United States policy toward the troubled and perilous region of East Asia–home of volatile conflicts between North and South Korea, China and Taiwan, and the military junta of Burma and its own people–is now the province of a highly esteemed academic and international relations specialist, Dr. Kurt Campbell. Campbell was confirmed by the Senate on June 26, 2009, as the new Assistant Secretary of State for East Asian and Pacific Affairs. Perhaps a harbinger of political conflicts to come, conservative Republican Kansas Senator Sam Brownback had put a hold on Campbell’s nomination as a way to press the Obama administration to consider imposing more restrictive economic sanctions on the military dictatorship ruling Burma (also called Myanmar).
Born in 1957, Campbell earned a B.A. in Science, Technology, and Public Affairs from the University of California, San Diego, a certificate in music and political philosophy from the University of Yerevan in Soviet
Armenia, and a doctorate in international relations from Oxford University in 1985. As an officer in the U.S. Navy, Campbell served as an assistant on the
Joint Chiefs of Staff, and between 1987 and 1995 as a reserve naval officer in a special Chief of Naval Operations advisory unit in the Pentagon. Early in his career, he worked as a stringer for The New York Times Magazine in southern Africa.
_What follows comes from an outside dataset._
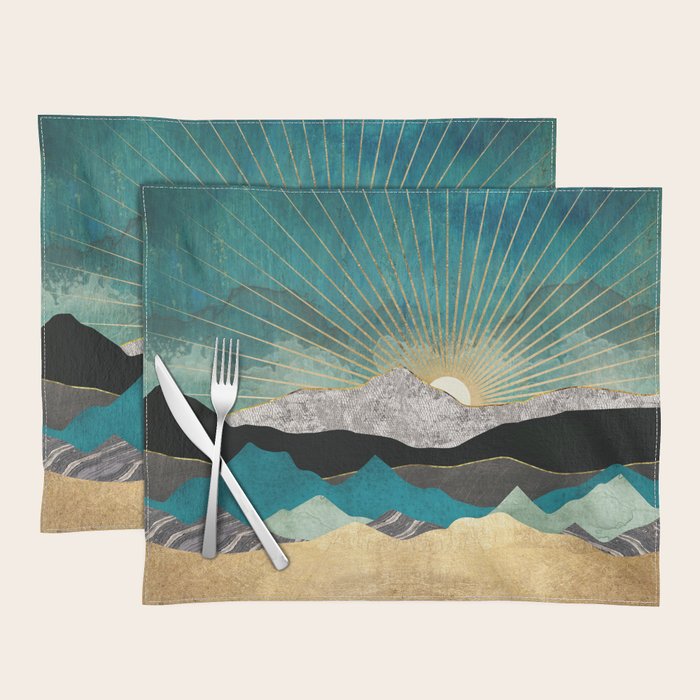 Peacock Vista Placemat Gallery Image 1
A Democrat, Campbell was Hillary Clinton’s chief adviser on Asian affairs during her campaign for the presidency in 2008. Since 2004, he has contributed more than $28,000 to Democratic candidates and causes, including $6,900 to Hillary Clinton’s presidential campaign, followed by $4,600 to Barack Obama’s presidential campaign after the former’s withdrawal from the Democratic nomination contest. He had previously donated $4,100 to Senator Clinton’s 2006 re-election campaign.